Not able to reproduce, please open a fresh jira if the problem recurs with 0.11.0.

> Kmeans fails when running on HDFS
> ---------------------------------
>
>                 Key: MAHOUT-1658
>                 URL: https://issues.apache.org/jira/browse/MAHOUT-1658
>             Project: Mahout
>          Issue Type: Bug
>          Components: Clustering
>    Affects Versions: 0.9
>         Environment: CentOS 6.6 with HDP 2.2
>            Reporter: Ha Son Hai
>            Assignee: Andrew Musselman
>              Labels: hadoop
>             Fix For: 0.11.0
>
>   Original Estimate: 1h
>  Remaining Estimate: 1h
>
> Hi,
> I was trying to run some examples of mahout on a hadoop platform and saw that when kmeans running in local host, it returned successfully. However, when it ran with HDFS, mahout looked for the intermediate results on localhost instead on HDFS if we use relative path.
> I have to use absolute path of the input and output if I want kmeans to run correctly.
> Here is an typical error when running on HDFS:
> 15/03/26 12:15:07 INFO mapreduce.Job: Task Id : attempt_1426848955524_0062_m_000000_2, Status : FAILED
> Error: java.lang.IllegalStateException: output/clusters-0
>         at org.apache.mahout.common.iterator.sequencefile.SequenceFileDirValueIterable.iterator(SequenceFileDirValueIterable.java:78)
>         at org.apache.mahout.clustering.classify.ClusterClassifier.readFromSeqFiles(ClusterClassifier.java:208)
>         at org.apache.mahout.clustering.iterator.CIMapper.setup(CIMapper.java:44)
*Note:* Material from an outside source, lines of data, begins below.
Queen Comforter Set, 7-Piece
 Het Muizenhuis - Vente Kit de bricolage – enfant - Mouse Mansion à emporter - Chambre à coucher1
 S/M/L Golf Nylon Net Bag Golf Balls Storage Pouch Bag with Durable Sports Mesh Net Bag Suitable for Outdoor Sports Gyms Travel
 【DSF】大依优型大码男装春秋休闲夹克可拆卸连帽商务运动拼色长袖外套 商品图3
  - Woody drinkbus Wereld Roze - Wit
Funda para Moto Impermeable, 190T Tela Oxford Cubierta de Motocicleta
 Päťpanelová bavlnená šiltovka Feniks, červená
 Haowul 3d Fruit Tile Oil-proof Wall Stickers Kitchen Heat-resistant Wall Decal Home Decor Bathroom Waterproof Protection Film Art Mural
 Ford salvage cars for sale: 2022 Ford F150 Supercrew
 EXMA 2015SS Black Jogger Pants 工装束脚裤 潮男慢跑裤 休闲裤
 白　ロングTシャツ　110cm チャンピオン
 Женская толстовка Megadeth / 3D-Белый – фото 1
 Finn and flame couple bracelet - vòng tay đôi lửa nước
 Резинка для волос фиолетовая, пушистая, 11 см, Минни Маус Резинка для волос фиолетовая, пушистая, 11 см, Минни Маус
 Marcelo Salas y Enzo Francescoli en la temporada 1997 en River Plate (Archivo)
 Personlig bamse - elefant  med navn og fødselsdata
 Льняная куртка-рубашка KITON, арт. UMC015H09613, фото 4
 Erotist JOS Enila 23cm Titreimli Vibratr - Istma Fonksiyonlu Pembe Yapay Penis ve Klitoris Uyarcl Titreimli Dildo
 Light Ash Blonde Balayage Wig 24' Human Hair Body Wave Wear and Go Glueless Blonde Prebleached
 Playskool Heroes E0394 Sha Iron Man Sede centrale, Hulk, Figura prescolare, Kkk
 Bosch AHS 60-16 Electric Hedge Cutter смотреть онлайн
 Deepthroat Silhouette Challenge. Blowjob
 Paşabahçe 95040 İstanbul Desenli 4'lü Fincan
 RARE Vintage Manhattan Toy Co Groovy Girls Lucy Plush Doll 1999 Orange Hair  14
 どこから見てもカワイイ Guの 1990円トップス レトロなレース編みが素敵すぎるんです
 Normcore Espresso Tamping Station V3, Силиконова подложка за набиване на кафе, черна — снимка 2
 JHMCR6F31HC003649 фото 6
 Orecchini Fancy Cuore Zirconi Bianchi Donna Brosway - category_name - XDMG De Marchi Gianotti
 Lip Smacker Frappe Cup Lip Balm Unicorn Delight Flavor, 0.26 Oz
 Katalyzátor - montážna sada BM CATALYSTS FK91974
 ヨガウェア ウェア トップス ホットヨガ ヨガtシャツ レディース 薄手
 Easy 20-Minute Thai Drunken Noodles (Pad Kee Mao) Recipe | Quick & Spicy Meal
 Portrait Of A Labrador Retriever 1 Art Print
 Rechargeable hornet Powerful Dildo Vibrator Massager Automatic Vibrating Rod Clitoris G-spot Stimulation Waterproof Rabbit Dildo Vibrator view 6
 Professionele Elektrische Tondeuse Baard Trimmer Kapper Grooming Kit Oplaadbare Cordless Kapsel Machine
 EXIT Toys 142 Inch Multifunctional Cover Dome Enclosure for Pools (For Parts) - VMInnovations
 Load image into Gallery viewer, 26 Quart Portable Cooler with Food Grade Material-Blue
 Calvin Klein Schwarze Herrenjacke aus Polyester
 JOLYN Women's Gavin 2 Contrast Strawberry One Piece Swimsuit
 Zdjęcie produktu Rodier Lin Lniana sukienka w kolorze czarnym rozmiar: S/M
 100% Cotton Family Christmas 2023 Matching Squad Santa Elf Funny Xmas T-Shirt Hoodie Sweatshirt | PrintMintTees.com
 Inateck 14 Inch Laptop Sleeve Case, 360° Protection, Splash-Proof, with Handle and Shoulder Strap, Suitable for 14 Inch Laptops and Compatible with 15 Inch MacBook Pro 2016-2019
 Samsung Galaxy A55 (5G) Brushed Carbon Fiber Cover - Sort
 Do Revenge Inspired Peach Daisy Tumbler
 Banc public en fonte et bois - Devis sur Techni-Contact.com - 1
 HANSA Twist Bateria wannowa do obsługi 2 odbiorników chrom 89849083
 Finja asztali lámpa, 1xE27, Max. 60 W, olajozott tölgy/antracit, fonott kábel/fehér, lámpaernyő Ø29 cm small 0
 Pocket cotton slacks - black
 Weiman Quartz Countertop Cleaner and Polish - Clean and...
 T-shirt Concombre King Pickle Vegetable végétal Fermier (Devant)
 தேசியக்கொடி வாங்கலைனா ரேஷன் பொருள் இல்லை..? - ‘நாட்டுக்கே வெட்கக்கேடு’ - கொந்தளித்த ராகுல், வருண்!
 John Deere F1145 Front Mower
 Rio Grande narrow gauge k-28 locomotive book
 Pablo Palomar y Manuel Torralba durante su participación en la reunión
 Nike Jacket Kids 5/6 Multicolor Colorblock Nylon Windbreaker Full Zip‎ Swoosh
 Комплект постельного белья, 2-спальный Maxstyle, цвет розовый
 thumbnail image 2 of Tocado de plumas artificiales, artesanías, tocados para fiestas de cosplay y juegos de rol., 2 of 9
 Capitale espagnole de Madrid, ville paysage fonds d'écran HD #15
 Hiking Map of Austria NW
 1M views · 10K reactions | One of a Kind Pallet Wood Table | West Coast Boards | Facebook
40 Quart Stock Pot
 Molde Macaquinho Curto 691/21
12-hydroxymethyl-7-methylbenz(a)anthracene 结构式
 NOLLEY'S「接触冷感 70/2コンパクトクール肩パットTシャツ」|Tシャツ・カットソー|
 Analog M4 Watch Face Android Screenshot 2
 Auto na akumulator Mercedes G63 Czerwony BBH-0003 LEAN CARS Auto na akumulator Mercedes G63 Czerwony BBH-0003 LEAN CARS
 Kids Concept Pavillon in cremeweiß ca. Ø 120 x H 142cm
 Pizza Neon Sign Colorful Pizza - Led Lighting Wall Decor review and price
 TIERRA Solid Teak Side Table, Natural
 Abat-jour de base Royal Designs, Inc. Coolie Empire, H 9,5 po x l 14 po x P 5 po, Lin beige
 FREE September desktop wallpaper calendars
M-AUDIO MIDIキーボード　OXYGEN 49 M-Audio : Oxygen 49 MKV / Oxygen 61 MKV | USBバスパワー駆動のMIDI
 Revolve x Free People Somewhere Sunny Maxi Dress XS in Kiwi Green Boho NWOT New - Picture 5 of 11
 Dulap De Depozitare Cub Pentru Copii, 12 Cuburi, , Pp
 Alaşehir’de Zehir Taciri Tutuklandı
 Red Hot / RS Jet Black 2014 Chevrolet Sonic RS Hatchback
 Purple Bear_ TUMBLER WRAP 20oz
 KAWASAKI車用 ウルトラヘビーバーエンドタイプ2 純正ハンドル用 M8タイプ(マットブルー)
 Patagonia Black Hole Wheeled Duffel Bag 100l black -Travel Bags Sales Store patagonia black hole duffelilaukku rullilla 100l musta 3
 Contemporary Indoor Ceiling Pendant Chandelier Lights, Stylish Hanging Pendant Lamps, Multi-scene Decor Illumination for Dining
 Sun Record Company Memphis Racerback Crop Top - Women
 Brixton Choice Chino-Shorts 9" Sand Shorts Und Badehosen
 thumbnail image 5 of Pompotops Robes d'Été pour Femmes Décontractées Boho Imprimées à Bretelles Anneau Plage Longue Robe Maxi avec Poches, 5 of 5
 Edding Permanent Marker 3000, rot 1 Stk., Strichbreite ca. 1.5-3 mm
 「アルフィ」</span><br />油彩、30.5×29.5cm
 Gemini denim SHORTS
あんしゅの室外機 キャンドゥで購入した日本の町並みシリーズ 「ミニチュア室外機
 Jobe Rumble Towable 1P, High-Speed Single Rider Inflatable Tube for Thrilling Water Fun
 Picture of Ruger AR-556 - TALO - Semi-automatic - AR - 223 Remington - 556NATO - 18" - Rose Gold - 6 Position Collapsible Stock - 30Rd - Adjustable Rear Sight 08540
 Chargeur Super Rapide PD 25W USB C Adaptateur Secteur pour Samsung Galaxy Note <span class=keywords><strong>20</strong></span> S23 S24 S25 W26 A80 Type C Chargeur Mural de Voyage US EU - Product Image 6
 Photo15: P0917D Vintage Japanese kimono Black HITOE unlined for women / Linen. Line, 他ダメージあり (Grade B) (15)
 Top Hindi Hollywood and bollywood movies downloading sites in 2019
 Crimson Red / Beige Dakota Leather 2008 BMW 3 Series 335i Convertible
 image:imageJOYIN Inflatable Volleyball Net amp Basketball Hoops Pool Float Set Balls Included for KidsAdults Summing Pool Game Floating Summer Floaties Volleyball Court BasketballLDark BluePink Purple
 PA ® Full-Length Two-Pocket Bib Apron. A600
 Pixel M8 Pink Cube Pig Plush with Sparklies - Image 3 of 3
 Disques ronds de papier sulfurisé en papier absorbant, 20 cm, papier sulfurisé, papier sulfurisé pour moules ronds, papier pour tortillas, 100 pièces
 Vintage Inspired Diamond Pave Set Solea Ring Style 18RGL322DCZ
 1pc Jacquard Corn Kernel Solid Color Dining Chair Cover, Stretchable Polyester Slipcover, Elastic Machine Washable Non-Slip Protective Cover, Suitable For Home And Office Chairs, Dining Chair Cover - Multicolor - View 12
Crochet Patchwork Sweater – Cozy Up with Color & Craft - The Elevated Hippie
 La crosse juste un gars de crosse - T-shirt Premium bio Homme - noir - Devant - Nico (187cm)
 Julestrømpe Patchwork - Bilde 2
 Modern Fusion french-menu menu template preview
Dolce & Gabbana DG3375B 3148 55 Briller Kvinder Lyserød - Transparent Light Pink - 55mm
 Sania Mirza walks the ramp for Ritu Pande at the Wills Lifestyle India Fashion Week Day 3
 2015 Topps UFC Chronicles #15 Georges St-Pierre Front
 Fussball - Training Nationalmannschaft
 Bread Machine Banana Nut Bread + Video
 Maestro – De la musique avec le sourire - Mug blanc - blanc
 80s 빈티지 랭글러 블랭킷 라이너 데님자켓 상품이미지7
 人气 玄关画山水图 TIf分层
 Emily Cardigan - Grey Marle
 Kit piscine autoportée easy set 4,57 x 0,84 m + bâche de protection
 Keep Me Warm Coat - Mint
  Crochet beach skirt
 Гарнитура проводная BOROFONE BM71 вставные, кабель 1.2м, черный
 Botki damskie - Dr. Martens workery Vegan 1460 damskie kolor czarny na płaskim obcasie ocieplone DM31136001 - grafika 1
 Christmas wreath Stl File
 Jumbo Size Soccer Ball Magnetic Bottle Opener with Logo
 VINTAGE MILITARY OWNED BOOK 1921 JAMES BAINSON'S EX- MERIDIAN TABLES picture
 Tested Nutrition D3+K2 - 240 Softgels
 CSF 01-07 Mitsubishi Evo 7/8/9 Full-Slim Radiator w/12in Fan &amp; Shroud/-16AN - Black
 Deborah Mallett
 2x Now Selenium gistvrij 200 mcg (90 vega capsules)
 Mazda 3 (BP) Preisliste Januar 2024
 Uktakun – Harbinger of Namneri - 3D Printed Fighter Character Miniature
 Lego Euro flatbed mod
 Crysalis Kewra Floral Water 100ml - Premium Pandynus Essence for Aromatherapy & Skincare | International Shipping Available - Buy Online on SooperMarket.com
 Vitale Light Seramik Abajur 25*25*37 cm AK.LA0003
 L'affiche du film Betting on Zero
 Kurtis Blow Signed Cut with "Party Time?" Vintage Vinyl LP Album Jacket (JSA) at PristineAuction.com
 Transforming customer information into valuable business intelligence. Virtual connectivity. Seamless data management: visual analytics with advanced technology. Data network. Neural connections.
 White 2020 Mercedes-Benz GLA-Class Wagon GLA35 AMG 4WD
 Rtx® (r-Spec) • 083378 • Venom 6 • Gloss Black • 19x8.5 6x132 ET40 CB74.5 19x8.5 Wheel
>         at org.apache.hadoop.mapreduce.Mapper.run(Mapper.java:142)
>         at org.apache.hadoop.mapred.MapTask.runNewMapper(MapTask.java:784)
>         at org.apache.hadoop.mapred.MapTask.run(MapTask.java:341)
>        at org.apache.hadoop.mapred.YarnChild$2.run(YarnChild.java:163)
>        at java.security.AccessController.doPrivileged(Native Method)
>        at javax.security.auth.Subject.doAs(Subject.java:415)
>        at org.apache.hadoop.security.UserGroupInformation.doAs(UserGroupInformation.java:1628)
>        at org.apache.hadoop.mapred.YarnChild.main(YarnChild.java:158)
> Caused by: java.io.FileNotFoundException: File output/clusters-0 does not exist
>         at org.apache.hadoop.fs.RawLocalFileSystem.listStatus(RawLocalFileSystem.java:376)
>         at org.apache.hadoop.fs.FileSystem.listStatus(FileSystem.java:1485)
>         at org.apache.hadoop.fs.FileSystem.listStatus(FileSystem.java:1525)
>         at org.apache.hadoop.fs.ChecksumFileSystem.listStatus(ChecksumFileSystem.java:570)
>         at org.apache.hadoop.fs.FileSystem.listStatus(FileSystem.java:1485)
>         at org.apache.hadoop.fs.FileSystem.listStatus(FileSystem.java:1525)
>         at org.apache.mahout.common.iterator.sequencefile.SequenceFileDirValueIterator.<init>(SequenceFileDirValueIterator.java:70)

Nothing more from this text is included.